Today, both artists and collectors recognize Rujiman as a specialist in Koi paintings, a title of cultural value received by Rujiman due to his consistency in the subject-matter. As such, his work has been collected by Oei Hong Djien, a famous Indonesian collector. Few Koi painters express such consistency and talent for their subject-matter, and it is perhaps for this reason that Rujiman has managed to successfully establish himself as a Koi painter.
The History and Myth of Rujiman's Fish
In the book of 'Han Akhir' (Hou Han Shu), there is a story that tells of a waterfall with a particularly swift current in the Yellow River. Fishes tried hard to climb the waterfall, but only Koi that successfully reach the top could be transformed into dragons. This success has become a symbol of prosperity in life. Due to the fact that the myth of the Koi exists in several communities, the Koi is considered to be a universal symbol of luck. In each painting, the number of fish similarly correspond with lucky numbers in the Feng Shui philosophy.
In Rujiman's artistic development, he has replaced his naturalist visual language with surrealism, and finally, abstract figurative. In his early phases of painting, the Koi was often visualized in a pond habitat and tended to lean toward a naturalistic representation, whereby the object was painted realistically and emphasis was placed on the natural background. This sociological conformist style of painting the Koi in the pond reflects a similar idea of having a painting as part of one's house decoration.
In 2009 to 2010, Rujiman left the realm of naturalism. By painting Koi in symbolic relationships with Buddha, fish were adventures into the spirtiual world, through a path led by surrealism. In fact, he visually described the day after doomsday through the physical evolution of Koi fish, representing dreams, illusions and fantasies of fish as life journeys. For Rujiman, spiritualism is a metaphysical entity born out of rationality. Spirituality is a mysterious world, that can revealed only by way of surrealism. At this stage, the fish in Rujiman's paintings are a combination of peculiarity and metamorphosis.However, his latest fish paintings, have lost their naturalist and surrealist languages. He now leaves his brush behind and creates his gesturally impressive fish from quick strokes of a palette knife, shaping the texture with incisions of strong colour and light.
Latest Work: Images of Textural Fish
Rujiman's fish are always painted from the aerial view, positioning us as an observer and allowing us to observe them as textural objects in our minds. This is distinctively different from the naturalist who observes the fish as exotic objects and the surrealist who observes them as a spiritual dream and fantasy. This growth reflects Rujiman's spirit that constantly seeks to be challenged by technique and artistic quality.

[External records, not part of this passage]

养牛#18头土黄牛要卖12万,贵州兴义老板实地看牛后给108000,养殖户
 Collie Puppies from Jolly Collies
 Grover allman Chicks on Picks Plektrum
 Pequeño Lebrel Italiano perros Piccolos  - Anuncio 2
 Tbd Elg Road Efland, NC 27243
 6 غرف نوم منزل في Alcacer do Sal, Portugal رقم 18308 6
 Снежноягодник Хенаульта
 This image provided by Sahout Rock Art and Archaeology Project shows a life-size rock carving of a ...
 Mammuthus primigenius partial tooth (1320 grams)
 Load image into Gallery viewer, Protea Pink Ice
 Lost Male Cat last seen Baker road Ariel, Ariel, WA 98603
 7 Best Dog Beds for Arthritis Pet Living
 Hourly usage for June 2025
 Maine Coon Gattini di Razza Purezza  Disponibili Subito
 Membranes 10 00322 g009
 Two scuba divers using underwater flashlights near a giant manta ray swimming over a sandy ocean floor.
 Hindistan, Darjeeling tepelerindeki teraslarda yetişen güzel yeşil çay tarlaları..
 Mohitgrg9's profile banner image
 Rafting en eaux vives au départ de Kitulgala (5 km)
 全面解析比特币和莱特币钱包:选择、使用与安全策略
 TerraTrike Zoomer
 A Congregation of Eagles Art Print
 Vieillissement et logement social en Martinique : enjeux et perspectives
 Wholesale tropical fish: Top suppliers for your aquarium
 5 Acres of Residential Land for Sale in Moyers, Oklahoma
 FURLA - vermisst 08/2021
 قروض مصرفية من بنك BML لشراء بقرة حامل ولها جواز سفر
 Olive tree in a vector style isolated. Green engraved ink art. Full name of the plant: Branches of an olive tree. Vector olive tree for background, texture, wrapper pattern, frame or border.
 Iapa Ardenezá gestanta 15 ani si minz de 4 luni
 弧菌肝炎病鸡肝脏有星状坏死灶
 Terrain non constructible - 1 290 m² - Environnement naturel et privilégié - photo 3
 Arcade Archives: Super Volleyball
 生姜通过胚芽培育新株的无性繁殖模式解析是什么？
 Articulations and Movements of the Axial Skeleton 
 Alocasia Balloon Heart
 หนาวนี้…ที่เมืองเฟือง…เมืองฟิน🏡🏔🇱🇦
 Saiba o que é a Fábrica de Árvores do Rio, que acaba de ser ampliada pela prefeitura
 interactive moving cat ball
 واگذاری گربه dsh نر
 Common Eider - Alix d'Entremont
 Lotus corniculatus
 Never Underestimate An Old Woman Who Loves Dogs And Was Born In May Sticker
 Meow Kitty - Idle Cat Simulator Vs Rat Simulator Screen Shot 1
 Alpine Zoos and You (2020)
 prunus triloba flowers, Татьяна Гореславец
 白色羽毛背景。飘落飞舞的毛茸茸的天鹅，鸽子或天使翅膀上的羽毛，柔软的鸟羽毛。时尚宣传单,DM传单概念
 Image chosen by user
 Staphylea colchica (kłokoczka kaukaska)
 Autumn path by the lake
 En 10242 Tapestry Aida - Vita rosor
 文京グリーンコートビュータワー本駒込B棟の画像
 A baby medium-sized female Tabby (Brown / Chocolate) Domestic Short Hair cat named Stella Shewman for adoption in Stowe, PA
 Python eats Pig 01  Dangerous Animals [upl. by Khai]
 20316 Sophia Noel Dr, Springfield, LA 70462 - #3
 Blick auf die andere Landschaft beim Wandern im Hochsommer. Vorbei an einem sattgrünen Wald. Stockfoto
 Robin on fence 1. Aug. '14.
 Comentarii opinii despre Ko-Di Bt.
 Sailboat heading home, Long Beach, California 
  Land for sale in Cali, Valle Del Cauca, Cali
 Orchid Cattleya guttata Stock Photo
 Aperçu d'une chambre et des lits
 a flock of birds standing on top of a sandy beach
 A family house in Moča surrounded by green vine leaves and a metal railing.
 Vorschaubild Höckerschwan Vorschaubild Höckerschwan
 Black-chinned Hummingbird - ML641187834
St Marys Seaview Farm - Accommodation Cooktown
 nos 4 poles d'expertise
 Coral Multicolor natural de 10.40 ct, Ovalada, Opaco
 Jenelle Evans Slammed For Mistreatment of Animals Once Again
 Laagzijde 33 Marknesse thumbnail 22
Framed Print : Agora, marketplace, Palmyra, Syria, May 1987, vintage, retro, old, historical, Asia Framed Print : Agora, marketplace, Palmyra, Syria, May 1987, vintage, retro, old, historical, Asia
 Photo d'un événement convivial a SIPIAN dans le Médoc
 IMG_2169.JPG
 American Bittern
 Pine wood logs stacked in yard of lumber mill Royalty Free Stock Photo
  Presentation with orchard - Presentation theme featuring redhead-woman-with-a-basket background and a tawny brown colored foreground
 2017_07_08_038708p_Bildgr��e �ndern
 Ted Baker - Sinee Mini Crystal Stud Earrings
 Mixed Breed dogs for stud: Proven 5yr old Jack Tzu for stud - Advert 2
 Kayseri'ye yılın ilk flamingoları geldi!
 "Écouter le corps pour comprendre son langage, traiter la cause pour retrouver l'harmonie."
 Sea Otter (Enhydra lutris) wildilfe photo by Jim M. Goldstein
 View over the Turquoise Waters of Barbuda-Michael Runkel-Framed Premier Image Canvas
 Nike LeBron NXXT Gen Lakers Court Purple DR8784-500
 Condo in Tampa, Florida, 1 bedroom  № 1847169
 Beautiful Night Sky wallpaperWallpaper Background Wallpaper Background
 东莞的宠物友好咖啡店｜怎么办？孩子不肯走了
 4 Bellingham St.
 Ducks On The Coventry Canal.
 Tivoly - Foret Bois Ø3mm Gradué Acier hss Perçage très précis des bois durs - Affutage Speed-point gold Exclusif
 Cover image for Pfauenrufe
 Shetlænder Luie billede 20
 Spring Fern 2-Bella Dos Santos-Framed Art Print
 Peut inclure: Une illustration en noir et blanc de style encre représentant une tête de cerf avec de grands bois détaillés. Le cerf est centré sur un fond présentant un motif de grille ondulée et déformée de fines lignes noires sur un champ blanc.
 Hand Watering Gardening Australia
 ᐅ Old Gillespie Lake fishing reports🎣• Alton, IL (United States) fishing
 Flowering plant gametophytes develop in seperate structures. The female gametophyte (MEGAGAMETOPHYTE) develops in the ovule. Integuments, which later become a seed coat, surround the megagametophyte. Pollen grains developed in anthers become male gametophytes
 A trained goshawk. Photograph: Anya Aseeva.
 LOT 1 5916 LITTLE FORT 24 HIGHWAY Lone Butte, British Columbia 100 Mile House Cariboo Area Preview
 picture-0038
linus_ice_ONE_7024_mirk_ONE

In his latest paintings, there exists not only the fish mythology, but also Rujiman's artistic power which is displayed in his choice of vibrant colour polish. His textural concept employs colour not just as a pigment, but also an expression. Paintings which use textured surfaces gives a sensational experience, creating rhythm of movement and visual palpitations. As a result, the fishes never appear flat, but are dynamic. Rujiman's fish paintings emphasize the artistic power of sensation and allow us to ruminate upon the myth of luck. Hopefully, through this method, Rujiman will no longer be marginalized as an artist and instead, enter an artistic zone where his paintings will be understood and heavily sought out as collector items.